GCC 6+ supports segment qualifiers. Using them allows to implement
several optimizations:

1. Avoid unnecessary instructions when an operation is carried on
read/written per-cpu value, and instead allow the compiler to set
instructions that access per-cpu value directly.

2. Make this_cpu_ptr() more efficient and allow its value to be cached,
since preemption must be disabled when this_cpu_ptr() is used.

3. Provide better alternative for this_cpu_read_stable() that caches
values more efficiently using alias attribute to const variable.

4. Allow the compiler to perform other optimizations (e.g. CSE).

5. Use rip-relative addressing in per_cpu_read_stable(), which make it
PIE-ready.

"size" and Peter's compare do not seem to show the impact on code size
reduction correctly.
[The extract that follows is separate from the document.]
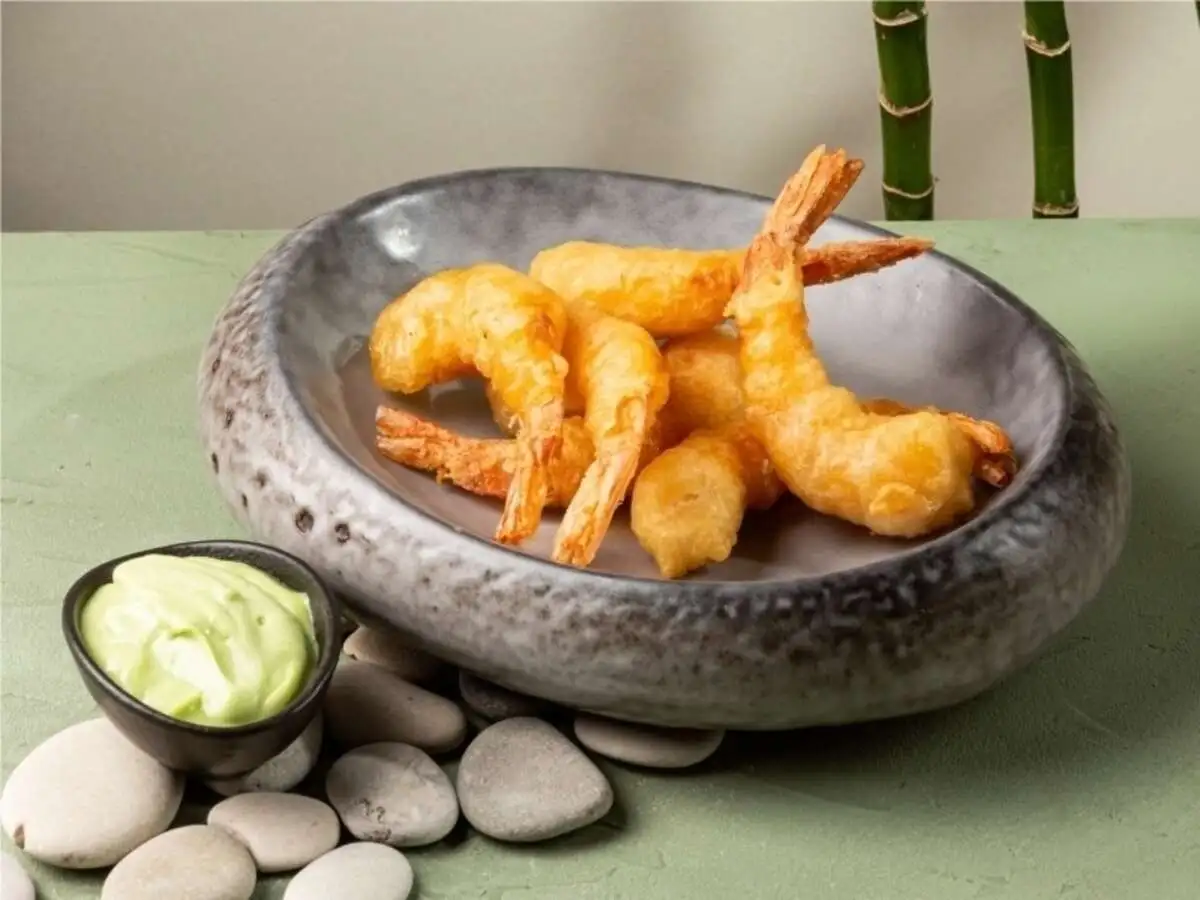 Креветки темпура, соус васаби-майо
Summing the code size according to nm on defconfig
shows a minor reduction from 11349763 to 11339840 (0.09%).

Nadav Amit (7):
compiler: Report x86 segment support
x86/percpu: Use compiler segment prefix qualifier
x86/percpu: Use C for percpu accesses when possible
x86: Fix possible caching of current_task
percpu: Assume preemption is disabled on per_cpu_ptr()
x86/percpu: Optimized arch_raw_cpu_ptr()
x86/current: Aggressive caching of current

arch/x86/include/asm/current.h | 30 +++
arch/x86/include/asm/fpu/internal.h | 7 +-
arch/x86/include/asm/percpu.h | 293 +++++++++++++++++++------
arch/x86/include/asm/preempt.h | 3 +-
arch/x86/include/asm/resctrl_sched.h | 14 +-
arch/x86/kernel/cpu/Makefile | 1 +
arch/x86/kernel/cpu/common.c | 7 +-
arch/x86/kernel/cpu/current.c | 16 ++
arch/x86/kernel/cpu/resctrl/rdtgroup.c | 4 +-
arch/x86/kernel/process_32.c | 4 +-
arch/x86/kernel/process_64.c | 4 +-
include/asm-generic/percpu.h | 12 +
include/linux/compiler-gcc.h | 4 +
include/linux/compiler.h | 2 +-
include/linux/percpu-defs.h | 33 ++-
15 files changed, 346 insertions(+), 88 deletions(-)
create mode 100644 arch/x86/kernel/cpu/current.c

--
2.17.1